Even though working with Spark will remind you in many ways of working with **Pandas DataFrames**, you'll also see that it can be tough getting familiar with all the functions that you can use to query, transform, inspect, ... your data. What's more, if you've never worked with any other programming language or if you're new to the field, it might be hard to distinguish between RDD operations.

Let's face it, `map()`

and `flatMap()`

are different enough, but it might still come as a challenge to decide which one you really need when you're faced with them in your analysis. Or what about other functions, like `reduce()`

and `reduceByKey()`

?

Even though the **documentation** is very elaborate, it never hurts to have a cheat sheet by your side, especially when you're just getting into it.

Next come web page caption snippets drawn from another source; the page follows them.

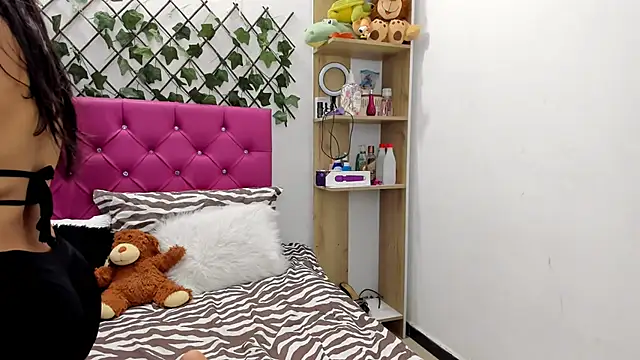 Snapshot of BellaBellosinia chatting on 26, 10, 2025 BellaBellosinia online show from 26, 10, 2025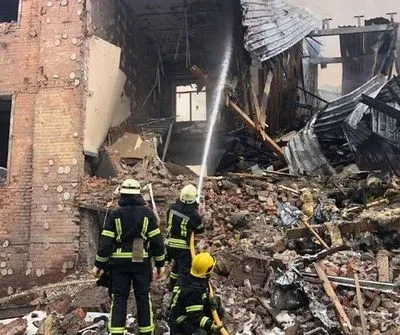 Ворожий авіаналіт та обстріли Харкова: за добу виявили 8 загиблих, зруйновано багатоповерхівки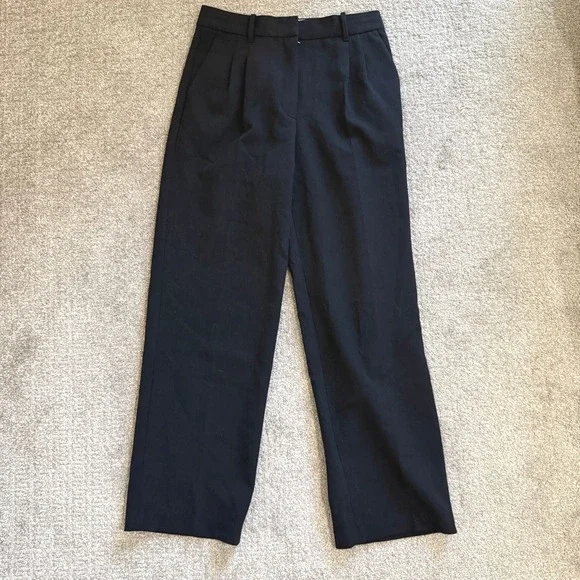 Aritzia Effortless Pant Black Pleated Trouser 10 Luxury Minimal Sophisticated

This PySpark cheat sheet covers the basics, from initializing Spark and loading your data, to retrieving RDD information, sorting, filtering and sampling your data. But that's not all. You'll also see that topics such as repartitioning, iterating, merging, saving your data and stopping the SparkContext are included in the cheat sheet.

**Note** that the examples in the document take small data sets to illustrate the effect of specific functions on your data. In real life data analysis, you'll be using Spark to analyze big data.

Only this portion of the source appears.